Cuda matrix multiplication too slow

Hello,

I’m quite new at Cuda programming and I took the example of Cuda matrix multiplication (without using shared memory) from the Programming Guide, the result is right but is too slow. I use two 1024 x 1024 matrix with 16 x 16 blocks and I get an execution time of 5.39s (both in Debug and Release mode) whereas I get in C alone: 6.64s in Debug mode and 4.09s in Release mode. I use Visual Studio 2005. So in Release mode, Cuda seems no better than C, so I think I must have done something wrong somewhere.

Could you tell me what I did wrong, please?
Thank you for your help.
jcpao

Try CUBLAS - the SDK code is not too efficient - “(without using shared memory)” - not a good idea. You also do not say what kind of card you have. A GTX280 will perform at about 380 GFlops single precision (SGEMM), while a 4-core Xeon will, with optimized code, using all cores, will be 80 GFlops.

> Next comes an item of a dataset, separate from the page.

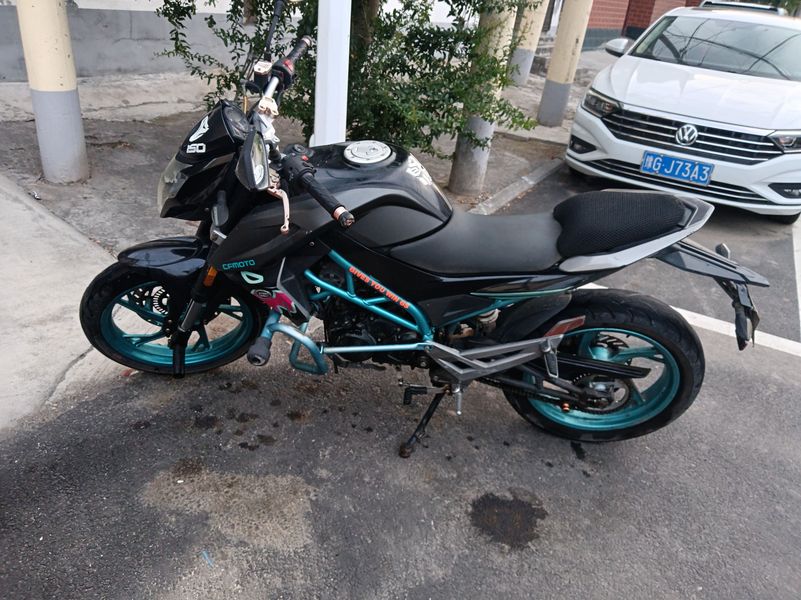 二手春风150NK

Something else has got to be wrong here. The SDK matrix multiply example is about one third the speed of CUBLAS (I was timing this recently, for my own nefarious purposes), and copying 1024^2 matrices to the GPU and back isn’t that slow. What do these times include? Was the CUDA context already established before the timer began? Those times look suspiciously like ‘whole program’ times.

I forgot to say that I use a GeForce 8400 GS.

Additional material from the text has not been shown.